鷹取はこれまで、主に紙を媒体としたインスタレーションを発表してきました。
例えば、古い雑誌のグラビアページや風俗広告の切り抜きを空間全体にコラージュしていくようなものや、あるいはそうした写真をモチーフにしたドローイングやタブローの集積、丸めたティッシュペーパーで部屋の壁面四方八方を覆いつくす展示、草花を描いたドローイングに沿って切り抜きを施し網のように絡めた繊細なタペストリー状の作品などその手法は多岐にわたっています。
展示空間を満たす作品群の量感は圧倒的であり、個々の作品にフォーカスすればその手仕事は繊細で緻密、作家のもつエネルギーが巨/微の両極に向かって膨張していくようです。
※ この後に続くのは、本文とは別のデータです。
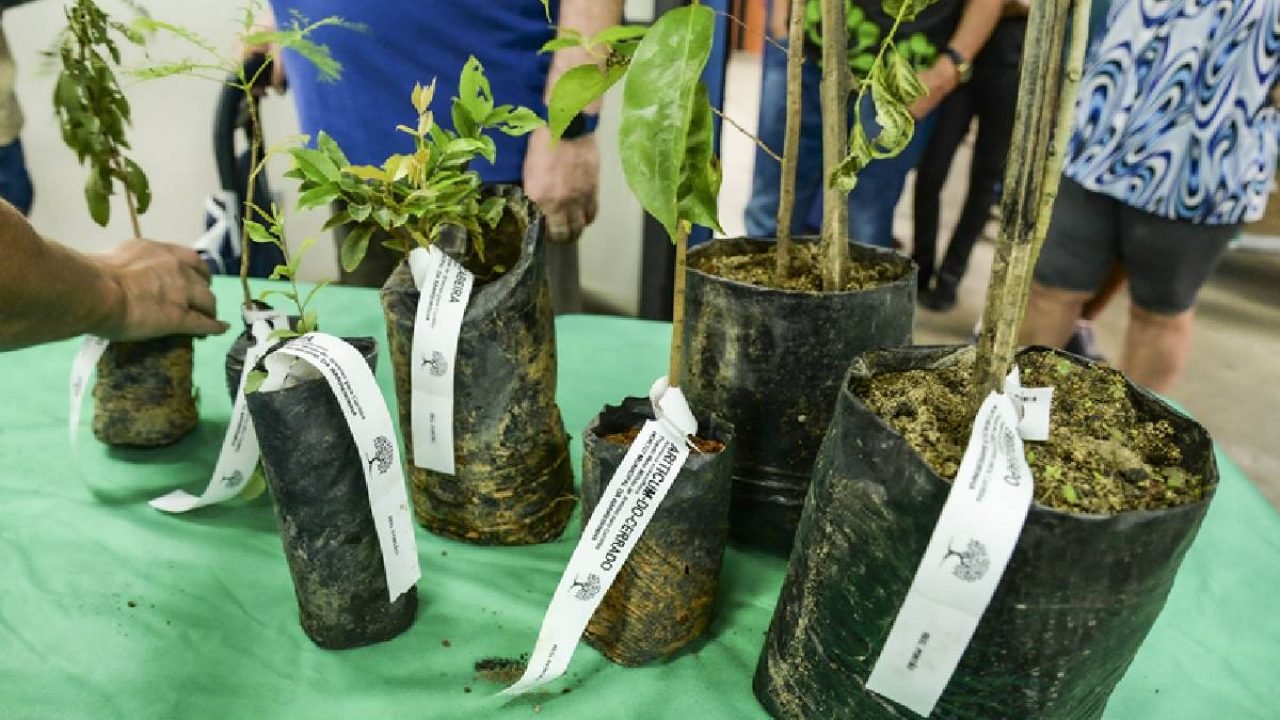 Foto: Foto: Levy Ferreira/SECOM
表面的で安易に捉えられがちであるセクシャルなイメージですら、その異様なまでの物量と密度によって飲み込まれてしまいます。
1980年生まれの鷹取は、地元岡山で思春期〜青年期を過ごした90年代後半、TVや雑誌等のメディアを介し、リアルタイムな情報の消費者であると同時に、そうした大衆文化を完全な共感を持って享受することができずにいたその体験に現在も影響され続けていると本人が語るように、自分で膨大に集めた当時の刊行物や映像などの中から引用するイメージと自身の妄想の断片を、描き堆積させていく事によって自らを作品制作へと駆り立てる内的必然性を見出さんと模索し続けています。
鷹取にとってインスタレーションとは日本における一般常識、いわゆる絵画=西洋絵画の認識と解釈に対する一種の反動であって、素材や展示方法において絵画の常識論を凌駕する事で、そして自分が80-90年代に体験したフラストレーションを今の時代にやや自虐的に援用する事で、杓子定規な認識や様式に対する批判的な意味合いも込めて敢えてあっけらかんとした態度で自らが抱えてきた「洋画」に対する疑問点に自分なりの解答を提示しています。